The Reviews of the Week, posted each Monday, offers a comprehensive look at the previous week’s awardees—while also piquing interest for the week ahead. Catch up on the week of June 6 below, then dive into the week at hand with today’s Review of the Day, The Last Karankawas, by Kimberly Garza, read by Becca Q. Co and others. For more Reviews of the Week and other exciting lists, check out the always freely available Booklist Blog.
Monday, November 7
★ Marcel’s Masterpiece: How a Toilet Shaped the History of Art, by Jeff Mack
“Come to dada!” Beginning with the salvaged urinal Marcel Duchamp retitled “Fountain” and turned on its head to do the same to the stuffier reaches of the art world, this pun-tastic ramble through the realms of the “readymade” serves as both a quick history of Dadaism and a manifesto of its ideas.

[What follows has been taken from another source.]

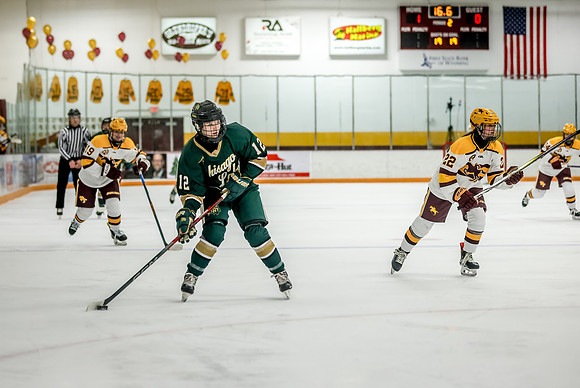 Chisago vs Forest Lake Varsity Hockey 322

Mack’s collage illustrations combine statements of purpose in randomly colored block letters, patches of explanatory background distributed among clipped and layered images of both fustian and free-spirited museum goers, glimpses of Duchamp as both himself with some of his creations and his female alter ego Rrose Sélavy, celebrity cameos from the likes of Picasso and Warhol to John Cage, and a notably diverse array of modern children running around and getting excited about art.
Tuesday, November 8
★ They’re Going to Love You, by Meg Howrey
In this novel about devotion, art, and love in many forms, fortysomething Carlisle is working as a freelance choreographer in Los Angeles when her father’s husband, James, calls to tell her that her father is dying. She hasn’t spoken to her father, Robert, in nearly 20 years. As she prepares to return to their apartment in New York’s West Village, Carlisle grapples with lost relationships and old wounds. The narrative shifts between 2016 and Carlisle’s adolescence during the start of the AIDS crisis, tracing the steps that led to her father’s decision to cut her out of his life.
Wednesday, November 9
★ Song in the City, by Daniel Bernstrom and illustrated by Jenin Mohammed
A cheerful, perceptive child helps her initially dismissive grandma hear the cadence of the city in this exuberant story with excellent disability representation. Bundled up over fancy dresses, Emmalene and Grandma Jean cross town on a bus one Sunday morning, hurrying to get to church. “Tickets BEE-BEEPED! Shoes CLICKITY-CLOMPED. RUMBLE went the engine in a rollicking romp.” Emmalene hears music all around her, whereas busy Grandma Jean hears only city noise, even after Emmalene’s chiding. Only once Emmalene covers her grandma’s eyes—artistically achieved through a powerful palette shift—can Jean hear the city’s song.
Thursday, November 10
★ What Happened to Ruthy Ramirez, by Claire Jiménez
Jiménez’s witty debut novel focuses on the ferocious love of a tight-knit Puerto Rican family on Staten Island at the height of the 2008 recession haunted by the disappearance of 13-year-old middle daughter Ruthy 12 years ago. The narrative features multiple perspectives: Ruthy’s point of view lends a coming-of-age feel as she deals with bullies and middle-school angst, and those of the ones left behind (dad Eddie died soon after the incident) highlight their ups and downs. Oldest daughter Jessica, 27, is a nurse’s aid and tired mom; youngest daughter Nina, 22, hoping to become a med student, works grudgingly at a lingerie store; mom Dolores, 44, a parenting coach at a Pentecostal church, suffers from diabetes and frets for her and her daughters’ safety.
Friday, November 11
★ We Deserve Monuments, by Jas Hammonds
Hammonds’ absolutely stunning debut follows Avery, whose life is unexpectedly turned upside down when she learns that her estranged grandmother, Mama Letty, is dying. Her family packs up their lives in D.C. and moves to small-town Bardell, Georgia, to help Mama Letty find comfort in her final days. In Bardell, Avery makes new friends, repairs hurting relationships, and digs into the racist history that has had a lasting impact on her family. This thoughtful and well-crafted coming-of-age novel will grip the reader’s attention from the beginning. Sympathetic Avery is fragile when she moves to Bardell—she doesn’t know if her D.C. friends actually care about her, and she has just broken up with her first girlfriend—but her immediate friendships and her growing rapport with the standoffish Mama Letty allow her to grow and explore her wants and needs.